3 – Die dritte Sorte von Fanatikern sind Leute mit Universitätsabschlüssen, die sich als Naturwissenschaftler ausgeben, die „Wissenschaftsfanatiker“. Um den Glauben der Jugend zu verderben und sie vom Glauben, vom Islam, abzubringen, präsentieren sie ihre eigenen Erfindungen als naturwissenschaftliche Fakten und als Fortschrittlichkeit. Sie sagen, dass die Bücher über den Islam falsch seien, da sie nicht mit naturwissenschaftlichen Fakten übereinstimmen würden und dass man daher diesen Büchern nicht glauben und nicht den Weg beschreiten solle, der in ihnen beschrieben wird. So, wie Religionsfanatiker das Wissen der Religion verfälschen, so verfälschen die Wissenschaftsfanatiker naturwissenschaftliche Fakten, um den Islam anzugreifen. Zwar kann eine intelligente Person, die den Islam gut kennt und eine geeignete Universitätsausbildung hat, sogleich durchschauen, dass ihre Worte nicht der Wissenschaft entsprechen und dass diese Leute in Wahrheit wissenschaftlich ungebildet und ignorant sind, doch viele Jugendliche und Studenten lassen sich von ihren Titeln täuschen und glauben ihren Lügen und fallen so ins Unheil. Auf diese Weise wird die muslimische Gesellschaft gespalten. In dem Buch „Se‘âdet-i Ebediyye“, „Das ewige Glück“, sind ausführliche Informationen über die Wissenschaftsfanatiker zu finden.

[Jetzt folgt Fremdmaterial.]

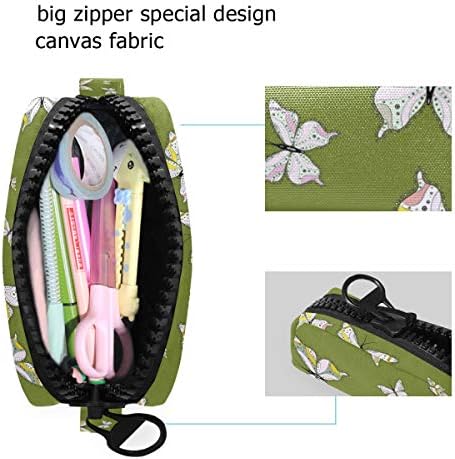 Tarity Butterflies coloridas de fundo verde Caso de lápis Bolsa de lápis bolsa de caneta de grande capacidade personalizada bolsa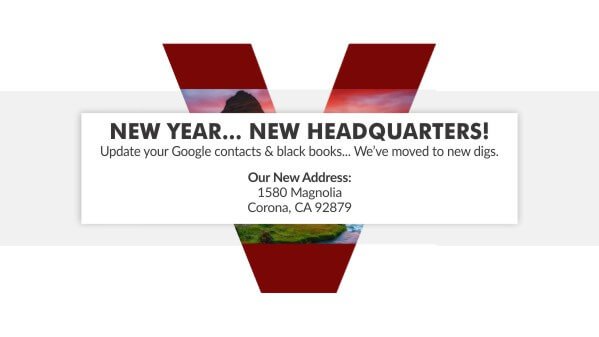 VantageLED's tweet photo. WE'VE MOVED! NEW YEAR... NEW HEADQUARTERS!
VANTAGE LED USA
1580 Magnolia
Corona, CA 92879
#ThisIsVantage #MakeAnImpact #NewDigs https://t.co/NvhwSuK2zA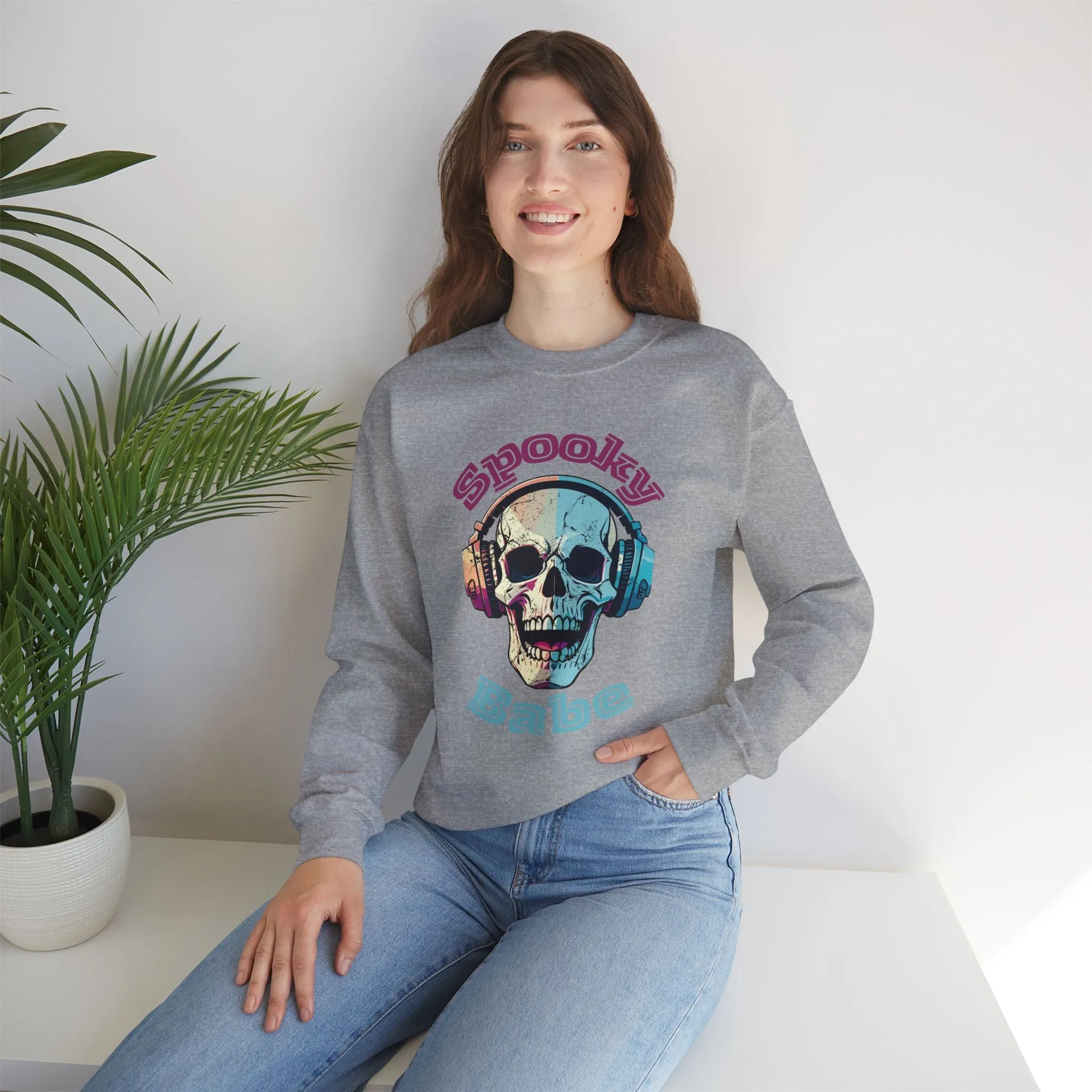 Spooky Babe Halloween Sweatshirt, Happy Halloween Sweatshirt - Unisex Heavy Blend Crewneck, Halloween Sweatshirt, Cute Spooky Ghost sweatshirt.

Alle zuvor beschriebenen Sorten von Fanatikern haben den islamischen Staaten, dem Islam sehr geschadet und schaden ihm heute noch. Auch heute gibt es solche Heuchler und Ketzer, die versuchen, den Islam von innen zu zerstören. Sie haben, Allah, dem Erhabenen, sei Dank, heute viel von ihrer alten Wirkung verloren. Die muslimische Welt weiß heute, dass sie wie von Allah, dem Erhabenen, befohlen, alle Feinheiten der Naturwissenschaften zu erlernen versuchen muss und nur so den naturwissenschaftlichen und technologischen Stand des Westens erreichen kann. Leider sind die Muslime, die im Mittelalter in den Wissenschaften und den Naturwissenschaften voraus waren, in letzter Zeit zurückgefallen, da sie auf die Täuschung der Feinde des Islam hereingefallen sind und die Anweisungen des Islam vernachlässigt haben.

Wir sehen also, dass der Islam in jeder Hinsicht makellos ist und eine Religion, die gänzlich den Herausforderungen auch des 21. Jahrhunderts gewachsen ist. Der Islam fordert zum Wissen, zu den Naturwissenschaften und zur Gerechtigkeit auf, verbietet die Trägheit und Faulheit und ist der Gründer und Beschützer eines sozialen Systems, das der Westen erst ab dem 19. Jahrhundert einzurichten begann. In diesem Buch ist nicht der Raum, um ausführlich über diesen Aspekt zu berichten. Unsere muslimischen Brüder und Angehörige anderer Religionen, die sich für den Zusammenhang von Islam und sozialer Ordnung interessieren, können diese Informationen in dem Buch „Se‘âdet- i Ebediyye“, „Das ewige Glück“, finden. Dazu empfehlen wir ihnen die Lektüre dieses Buches.

Es gibt keine wertvollere Sache in der Welt als ein Reich, doch noch größerer Segen ist ein jeder gesunder Atem.

[1] Dschemâluddîn al-Afghânî starb 1314 n. H. [1897 n. Chr.].

[2] Bahâuddîn al-Bukhârî starb 791 n. H. [1389 n. Chr.].